Required action:
Your job is to give again, exactly and with no additions, the lines in the records below from the one with "The MlLF next" through the one with "518 Lisa Carol", both included. Omit the pictures.

(Exercise material Opens)

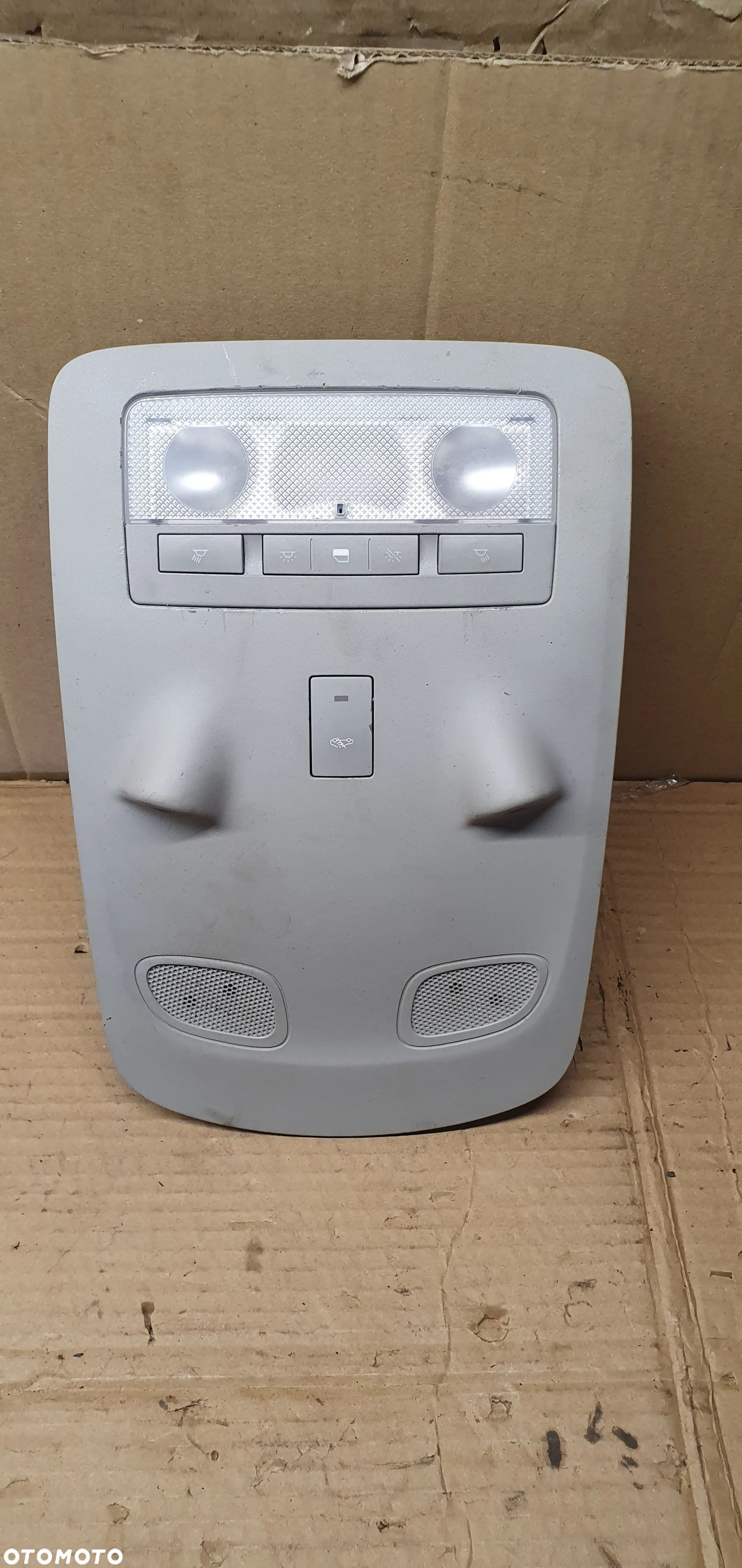 Lampka podsufitki oświetlenie kabiny Opel Zafira C - 1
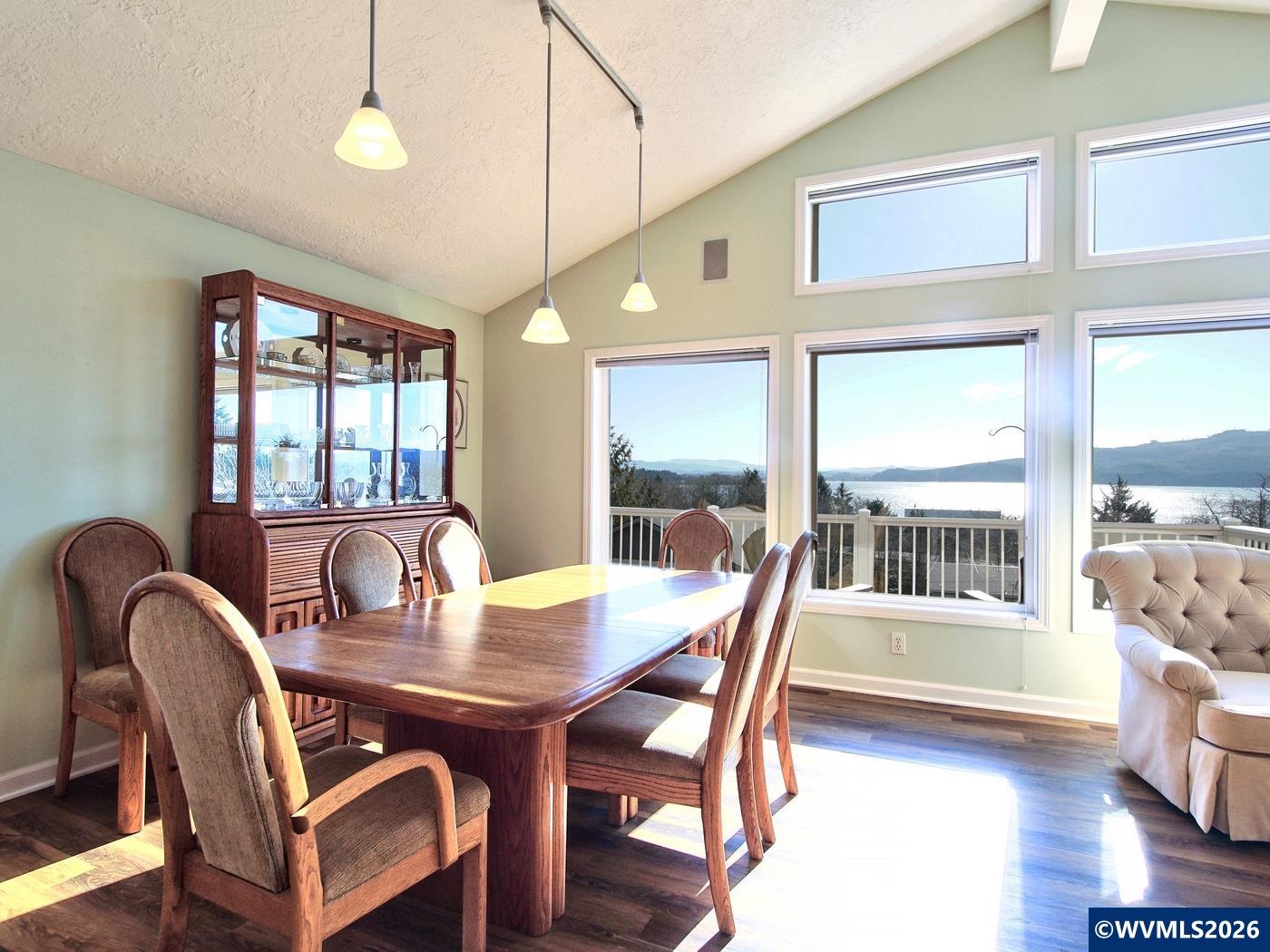 5185 Main St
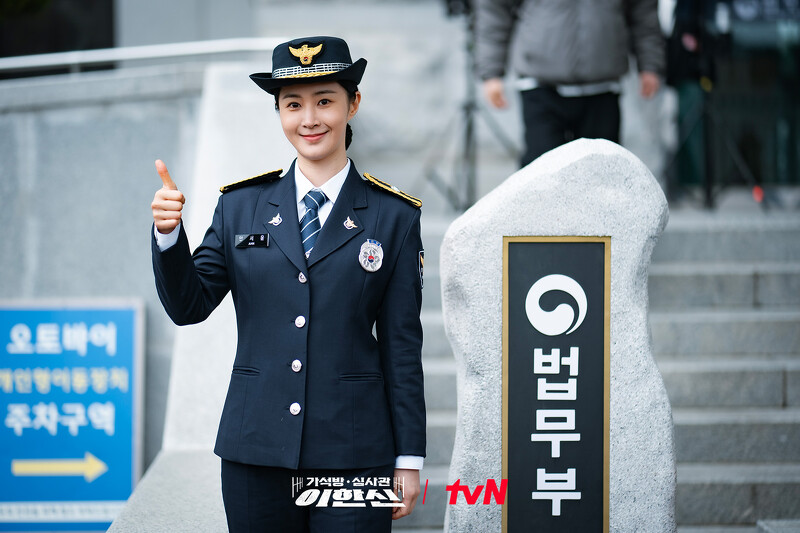 少女时代爱豆华丽转身肌肉女神！ 《假释审查官李韩信》俞利 最美女警当之无愧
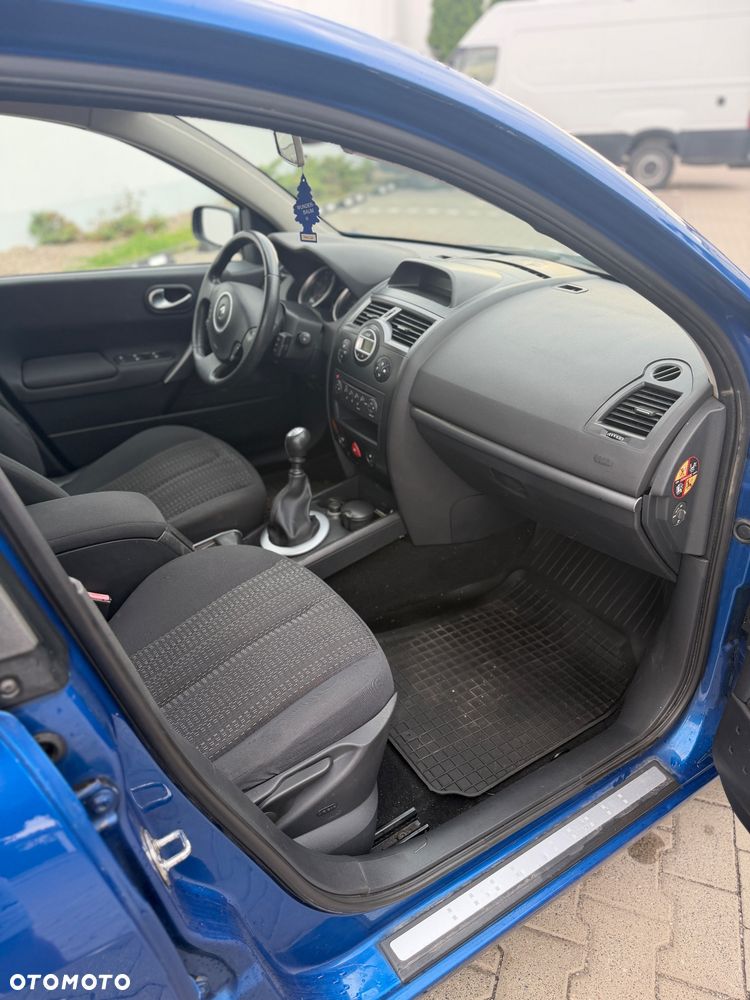 Renault Megane - 11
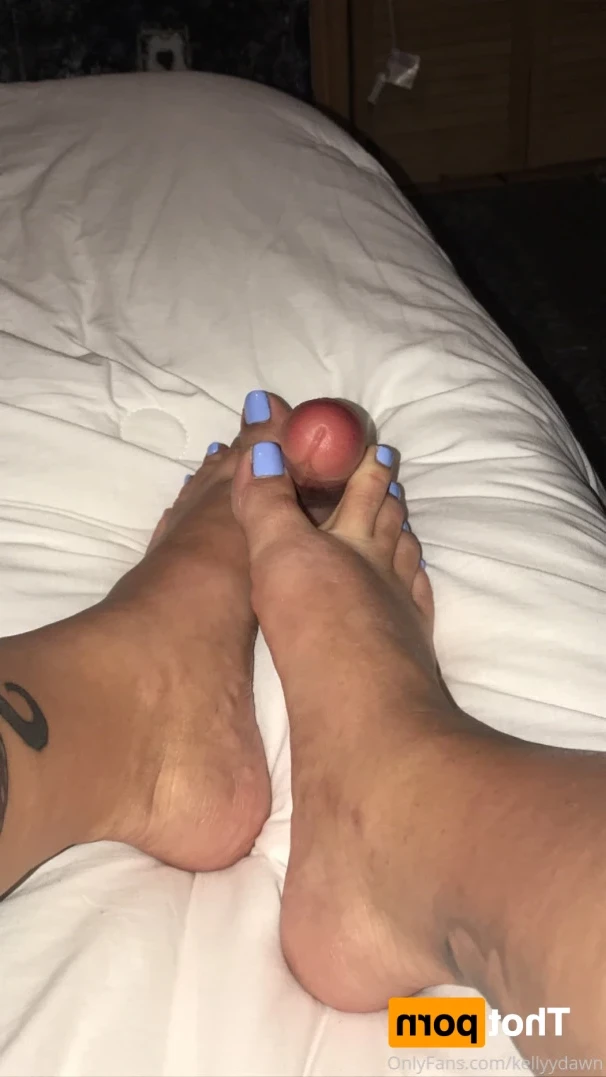 The MlLF next door [ kellyydawn ] Onlyfans leaked photo 14740684 on Hotleaks.tv
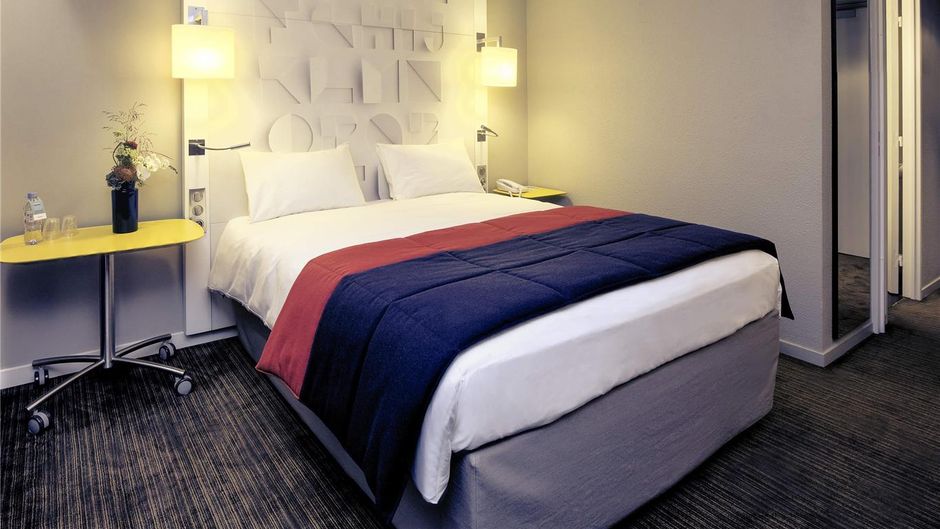 Mercure Rennes Centre Parlement Room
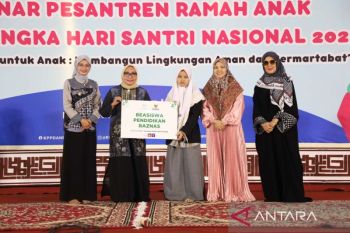 Minister urges santri to use internet wisely, avoid online abuse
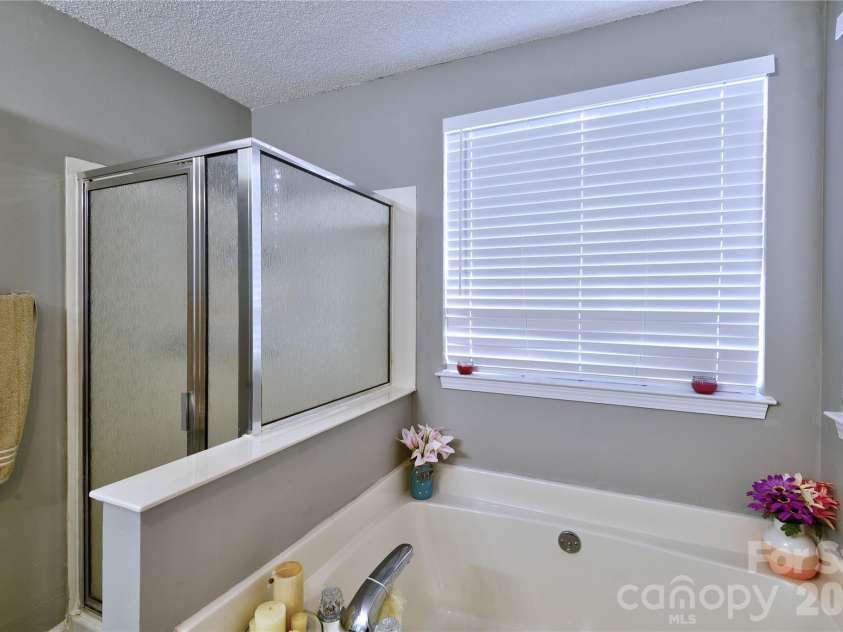 518 Lisa Carol Drive, Mooresville, NC 28115.  MLS# CAR4347357, YatesRealty ID 18000. 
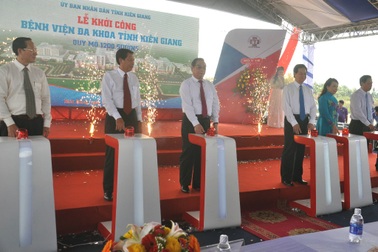 Thủ tướng dự lễ kỷ niệm 30/4, phát lệnh khởi công BV Đa khoa Kiên Giang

(Exercise material Closes)

Response below:
 The MlLF next door [ kellyydawn ] Onlyfans leaked photo 14740684 on Hotleaks.tv
 Mercure Rennes Centre Parlement Room
 Minister urges santri to use internet wisely, avoid online abuse
 518 Lisa Carol Drive, Mooresville, NC 28115.  MLS# CAR4347357, YatesRealty ID 18000. 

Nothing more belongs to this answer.